What We Do

Our Vision:

River Bend Wildland Trust envisions the Quad Cities Area as a community that balances growth and development with preservation and restoration of natural areas, where improved quality of life is can be measured by excellent access to nature.

Our Mission:

The River Bend Wildland Trust protects and manages lands of significant natural value in the watersheds of the Mississippi and Rock River confluence, and provides ecological stewardship, education, and initiatives aimed at creating a more sustainable environment.

family walking on a nature trail

Do you want to live near a trail through nature?

River Bend Wildland Trust’s programs include four main categories:

parcel map of Milan Bottoms

Board adopted strategies are long term projects with ideals for acquisition, easement, and land use.
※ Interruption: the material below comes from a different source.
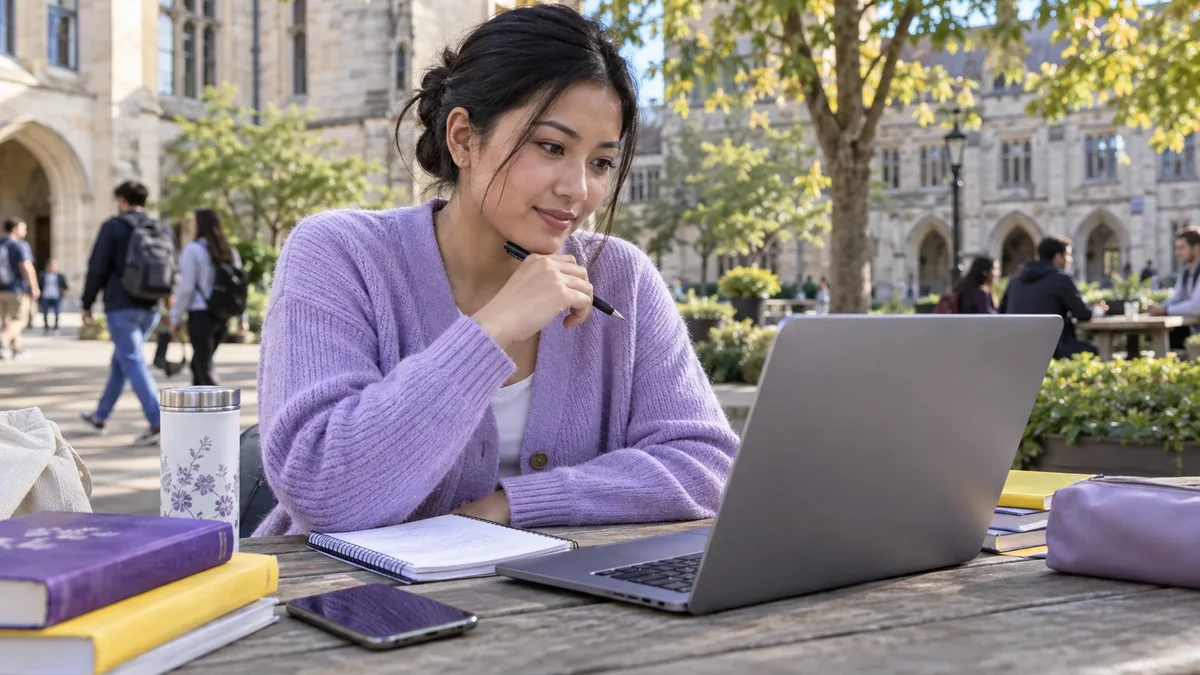 Student in a lavender cardigan working on a laptop at a shaded outdoor study table.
Such plans take into account local and regional plan, state wildlife action plans, and, potential opportunities

  1. Acquiring and protecting natural areas to build strategic core, buffer and corridors of habitat;
    • RBWT is the only local conservation organization offering this service to the Quad Cities Area
    • Land protection/permanent conservation has uniform tenants, but each project has unique circumstances. Examples of how private land can be protected can be found in the Conservation Option section of our website.
    • Purchasing land for permanent protection can only be done when the following criteria are clearly defined which can explain why acquisition projects may take 6 months to a year or more.
      • Property’s relationship to local natural areas, parks, green-ways, threatened and endangered species, organizational priority areas, and Natural Area Inventory Sites;
      • Funds to purchase;
      • Funding to restore/manage ecosystem (owning land is not enough stewardship is essential, an endowed stewardship fund is generally required);
      • Funding to legally protect the property (an endowed stewardship fund is generally required)
      • Ability to maintain the “conservation values” into perpetuity even if surrounding property use changes.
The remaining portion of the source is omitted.